■ Aim of the exercise ■
Using the records below, quote only the span that opens with the line containing "Royal Canin Dermacomfort" and closes with the line containing "Govee RGBIC Outdoor Neon Rope Light", exactly and inclusively.

■ Supplied material ■

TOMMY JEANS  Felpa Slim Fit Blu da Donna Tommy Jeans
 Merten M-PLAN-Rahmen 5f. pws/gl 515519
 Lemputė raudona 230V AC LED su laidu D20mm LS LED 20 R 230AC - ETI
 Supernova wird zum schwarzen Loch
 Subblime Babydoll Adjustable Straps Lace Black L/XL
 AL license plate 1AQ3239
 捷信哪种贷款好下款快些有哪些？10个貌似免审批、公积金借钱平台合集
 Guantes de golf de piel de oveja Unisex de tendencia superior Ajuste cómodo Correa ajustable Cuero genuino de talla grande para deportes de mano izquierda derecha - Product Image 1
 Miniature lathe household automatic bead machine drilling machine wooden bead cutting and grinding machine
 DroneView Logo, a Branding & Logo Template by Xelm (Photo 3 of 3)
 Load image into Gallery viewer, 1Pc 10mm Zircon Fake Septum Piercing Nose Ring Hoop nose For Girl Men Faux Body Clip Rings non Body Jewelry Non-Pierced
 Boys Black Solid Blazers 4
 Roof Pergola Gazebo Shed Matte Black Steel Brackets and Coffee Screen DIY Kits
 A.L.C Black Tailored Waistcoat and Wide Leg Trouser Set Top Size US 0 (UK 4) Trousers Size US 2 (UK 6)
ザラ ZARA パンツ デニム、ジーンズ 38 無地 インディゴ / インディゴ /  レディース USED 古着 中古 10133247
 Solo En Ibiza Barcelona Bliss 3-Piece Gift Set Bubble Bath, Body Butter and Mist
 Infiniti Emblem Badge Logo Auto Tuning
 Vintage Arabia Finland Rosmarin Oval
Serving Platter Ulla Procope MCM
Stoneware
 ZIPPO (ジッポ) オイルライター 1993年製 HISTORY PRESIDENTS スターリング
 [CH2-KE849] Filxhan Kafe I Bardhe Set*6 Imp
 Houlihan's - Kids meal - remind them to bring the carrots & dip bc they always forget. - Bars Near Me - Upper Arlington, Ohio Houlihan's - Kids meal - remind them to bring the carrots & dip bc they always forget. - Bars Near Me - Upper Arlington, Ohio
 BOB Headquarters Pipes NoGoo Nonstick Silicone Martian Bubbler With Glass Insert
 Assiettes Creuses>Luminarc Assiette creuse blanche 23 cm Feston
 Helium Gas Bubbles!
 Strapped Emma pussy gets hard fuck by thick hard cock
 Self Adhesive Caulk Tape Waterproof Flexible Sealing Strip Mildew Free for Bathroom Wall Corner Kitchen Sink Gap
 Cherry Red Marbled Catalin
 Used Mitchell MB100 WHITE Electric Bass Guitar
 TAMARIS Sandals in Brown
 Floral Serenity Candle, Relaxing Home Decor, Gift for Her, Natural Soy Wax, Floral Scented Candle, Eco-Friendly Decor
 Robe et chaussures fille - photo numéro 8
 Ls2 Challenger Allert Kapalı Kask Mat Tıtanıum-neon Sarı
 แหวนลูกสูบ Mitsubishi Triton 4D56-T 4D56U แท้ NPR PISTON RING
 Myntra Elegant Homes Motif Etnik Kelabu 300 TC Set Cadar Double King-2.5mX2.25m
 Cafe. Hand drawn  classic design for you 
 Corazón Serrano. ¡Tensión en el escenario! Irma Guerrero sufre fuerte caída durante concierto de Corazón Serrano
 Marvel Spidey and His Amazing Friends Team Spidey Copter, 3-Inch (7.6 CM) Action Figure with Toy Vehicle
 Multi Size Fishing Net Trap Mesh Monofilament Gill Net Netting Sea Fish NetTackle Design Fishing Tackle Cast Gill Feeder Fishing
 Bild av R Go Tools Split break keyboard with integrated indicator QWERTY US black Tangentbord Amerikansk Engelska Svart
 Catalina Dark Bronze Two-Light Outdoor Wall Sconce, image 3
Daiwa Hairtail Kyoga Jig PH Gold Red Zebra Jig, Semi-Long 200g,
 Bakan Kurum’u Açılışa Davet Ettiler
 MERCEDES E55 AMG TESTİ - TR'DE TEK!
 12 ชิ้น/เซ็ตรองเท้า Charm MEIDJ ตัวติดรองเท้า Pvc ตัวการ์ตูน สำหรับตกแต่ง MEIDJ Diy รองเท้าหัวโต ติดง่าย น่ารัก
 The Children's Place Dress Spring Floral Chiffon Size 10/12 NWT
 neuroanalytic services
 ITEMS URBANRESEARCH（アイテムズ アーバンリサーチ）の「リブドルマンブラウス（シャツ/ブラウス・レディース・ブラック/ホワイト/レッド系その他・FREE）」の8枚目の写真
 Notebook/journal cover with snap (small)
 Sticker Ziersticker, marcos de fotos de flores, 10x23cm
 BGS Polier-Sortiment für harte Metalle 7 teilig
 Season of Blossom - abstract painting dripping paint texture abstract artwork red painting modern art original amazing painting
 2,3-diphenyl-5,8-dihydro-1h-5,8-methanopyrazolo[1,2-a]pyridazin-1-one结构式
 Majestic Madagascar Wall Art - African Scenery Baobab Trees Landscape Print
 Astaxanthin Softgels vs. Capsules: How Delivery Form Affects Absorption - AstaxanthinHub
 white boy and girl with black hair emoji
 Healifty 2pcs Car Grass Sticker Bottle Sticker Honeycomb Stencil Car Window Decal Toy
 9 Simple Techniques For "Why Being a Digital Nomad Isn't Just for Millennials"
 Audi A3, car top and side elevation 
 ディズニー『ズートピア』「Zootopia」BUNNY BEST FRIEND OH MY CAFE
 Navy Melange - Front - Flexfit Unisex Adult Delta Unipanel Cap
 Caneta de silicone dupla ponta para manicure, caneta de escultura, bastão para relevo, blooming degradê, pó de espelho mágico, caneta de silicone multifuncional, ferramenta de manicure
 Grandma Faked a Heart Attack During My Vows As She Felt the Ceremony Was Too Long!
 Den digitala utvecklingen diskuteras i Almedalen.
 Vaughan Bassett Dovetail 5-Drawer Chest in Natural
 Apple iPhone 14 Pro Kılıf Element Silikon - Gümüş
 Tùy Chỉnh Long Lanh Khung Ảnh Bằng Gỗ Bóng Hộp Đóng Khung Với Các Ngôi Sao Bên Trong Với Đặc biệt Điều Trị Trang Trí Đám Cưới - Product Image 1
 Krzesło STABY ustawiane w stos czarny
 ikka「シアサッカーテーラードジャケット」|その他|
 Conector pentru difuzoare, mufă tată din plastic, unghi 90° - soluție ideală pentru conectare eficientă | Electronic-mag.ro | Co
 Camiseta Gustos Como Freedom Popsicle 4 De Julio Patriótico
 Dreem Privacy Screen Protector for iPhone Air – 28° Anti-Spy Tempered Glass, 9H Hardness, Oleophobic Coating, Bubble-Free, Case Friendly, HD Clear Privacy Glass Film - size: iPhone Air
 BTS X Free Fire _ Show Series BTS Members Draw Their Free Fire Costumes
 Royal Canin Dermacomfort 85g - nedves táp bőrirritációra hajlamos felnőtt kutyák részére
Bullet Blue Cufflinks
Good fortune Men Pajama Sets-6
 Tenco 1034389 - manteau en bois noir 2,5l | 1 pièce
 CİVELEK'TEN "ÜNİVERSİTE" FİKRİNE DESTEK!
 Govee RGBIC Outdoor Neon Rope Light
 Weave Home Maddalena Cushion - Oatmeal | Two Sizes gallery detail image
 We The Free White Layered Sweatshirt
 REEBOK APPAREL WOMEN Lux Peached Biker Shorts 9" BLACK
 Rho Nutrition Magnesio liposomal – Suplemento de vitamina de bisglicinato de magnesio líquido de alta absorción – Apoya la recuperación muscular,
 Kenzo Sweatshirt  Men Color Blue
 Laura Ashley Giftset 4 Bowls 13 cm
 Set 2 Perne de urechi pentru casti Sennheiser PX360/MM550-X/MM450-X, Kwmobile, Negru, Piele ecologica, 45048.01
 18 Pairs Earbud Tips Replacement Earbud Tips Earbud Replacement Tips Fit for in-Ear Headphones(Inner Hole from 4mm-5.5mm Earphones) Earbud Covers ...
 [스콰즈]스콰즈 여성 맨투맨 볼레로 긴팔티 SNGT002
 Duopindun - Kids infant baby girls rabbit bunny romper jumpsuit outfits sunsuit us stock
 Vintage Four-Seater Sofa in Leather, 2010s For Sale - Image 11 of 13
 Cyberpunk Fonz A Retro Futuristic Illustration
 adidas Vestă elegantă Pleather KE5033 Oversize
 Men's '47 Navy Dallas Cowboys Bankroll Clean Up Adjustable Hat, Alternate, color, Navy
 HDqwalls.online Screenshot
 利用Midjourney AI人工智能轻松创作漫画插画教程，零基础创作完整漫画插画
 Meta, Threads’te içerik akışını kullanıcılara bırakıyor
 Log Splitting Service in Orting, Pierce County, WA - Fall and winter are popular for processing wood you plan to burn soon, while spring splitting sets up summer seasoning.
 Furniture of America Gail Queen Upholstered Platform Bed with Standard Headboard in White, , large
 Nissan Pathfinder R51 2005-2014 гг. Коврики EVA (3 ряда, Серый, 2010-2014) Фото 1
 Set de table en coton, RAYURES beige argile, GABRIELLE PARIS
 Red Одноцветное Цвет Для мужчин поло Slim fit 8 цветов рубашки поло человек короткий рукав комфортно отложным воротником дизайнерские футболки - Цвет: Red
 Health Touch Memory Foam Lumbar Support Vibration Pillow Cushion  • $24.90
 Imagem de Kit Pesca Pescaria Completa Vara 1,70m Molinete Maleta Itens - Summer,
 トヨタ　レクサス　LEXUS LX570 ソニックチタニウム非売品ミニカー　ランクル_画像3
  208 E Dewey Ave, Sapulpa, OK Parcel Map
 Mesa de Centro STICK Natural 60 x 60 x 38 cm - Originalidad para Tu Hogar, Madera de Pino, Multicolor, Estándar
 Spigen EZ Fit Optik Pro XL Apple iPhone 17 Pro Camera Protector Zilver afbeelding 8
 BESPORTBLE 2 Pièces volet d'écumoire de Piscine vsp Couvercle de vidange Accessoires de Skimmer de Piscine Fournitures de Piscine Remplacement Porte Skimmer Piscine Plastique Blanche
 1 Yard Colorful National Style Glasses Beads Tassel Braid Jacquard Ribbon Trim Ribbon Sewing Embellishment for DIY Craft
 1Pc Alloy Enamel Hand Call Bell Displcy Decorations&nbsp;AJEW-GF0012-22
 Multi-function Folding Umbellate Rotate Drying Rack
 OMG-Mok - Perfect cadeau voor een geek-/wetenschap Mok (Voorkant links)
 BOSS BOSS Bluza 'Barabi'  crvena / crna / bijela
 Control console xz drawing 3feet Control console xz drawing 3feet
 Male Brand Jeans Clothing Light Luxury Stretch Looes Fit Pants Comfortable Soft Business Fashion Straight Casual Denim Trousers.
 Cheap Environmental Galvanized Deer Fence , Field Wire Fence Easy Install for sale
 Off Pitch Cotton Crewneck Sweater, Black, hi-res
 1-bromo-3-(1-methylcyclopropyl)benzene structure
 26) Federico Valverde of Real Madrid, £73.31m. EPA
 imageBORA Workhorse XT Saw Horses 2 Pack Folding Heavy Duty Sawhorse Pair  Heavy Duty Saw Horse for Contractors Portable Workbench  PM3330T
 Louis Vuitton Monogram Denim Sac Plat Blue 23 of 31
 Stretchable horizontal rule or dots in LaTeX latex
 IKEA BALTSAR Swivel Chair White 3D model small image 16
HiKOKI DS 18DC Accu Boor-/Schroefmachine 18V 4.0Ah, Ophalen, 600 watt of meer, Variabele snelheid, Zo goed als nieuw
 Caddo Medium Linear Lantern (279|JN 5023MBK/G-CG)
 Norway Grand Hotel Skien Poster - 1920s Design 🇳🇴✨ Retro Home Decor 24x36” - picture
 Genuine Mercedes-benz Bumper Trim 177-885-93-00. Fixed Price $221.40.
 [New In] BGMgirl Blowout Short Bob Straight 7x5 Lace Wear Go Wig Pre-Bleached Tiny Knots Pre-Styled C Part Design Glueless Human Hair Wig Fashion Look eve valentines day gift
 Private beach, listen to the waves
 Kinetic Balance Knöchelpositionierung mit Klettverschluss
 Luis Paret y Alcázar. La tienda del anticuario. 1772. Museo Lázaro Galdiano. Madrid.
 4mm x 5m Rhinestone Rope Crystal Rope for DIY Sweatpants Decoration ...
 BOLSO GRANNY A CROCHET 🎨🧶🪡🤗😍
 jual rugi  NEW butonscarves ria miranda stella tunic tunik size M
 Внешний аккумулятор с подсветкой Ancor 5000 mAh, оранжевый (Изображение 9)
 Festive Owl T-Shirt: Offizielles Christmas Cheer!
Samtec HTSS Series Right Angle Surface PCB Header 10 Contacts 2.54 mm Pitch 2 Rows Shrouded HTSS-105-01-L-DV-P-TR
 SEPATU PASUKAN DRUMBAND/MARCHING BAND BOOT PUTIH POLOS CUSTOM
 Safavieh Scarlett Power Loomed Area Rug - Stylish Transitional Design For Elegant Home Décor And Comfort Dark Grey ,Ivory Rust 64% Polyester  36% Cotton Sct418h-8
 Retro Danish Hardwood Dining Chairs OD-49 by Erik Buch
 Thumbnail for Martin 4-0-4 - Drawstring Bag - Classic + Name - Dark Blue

■ Reply ■
 Royal Canin Dermacomfort 85g - nedves táp bőrirritációra hajlamos felnőtt kutyák részére
Bullet Blue Cufflinks
Good fortune Men Pajama Sets-6
 Tenco 1034389 - manteau en bois noir 2,5l | 1 pièce
 CİVELEK'TEN "ÜNİVERSİTE" FİKRİNE DESTEK!
 Govee RGBIC Outdoor Neon Rope Light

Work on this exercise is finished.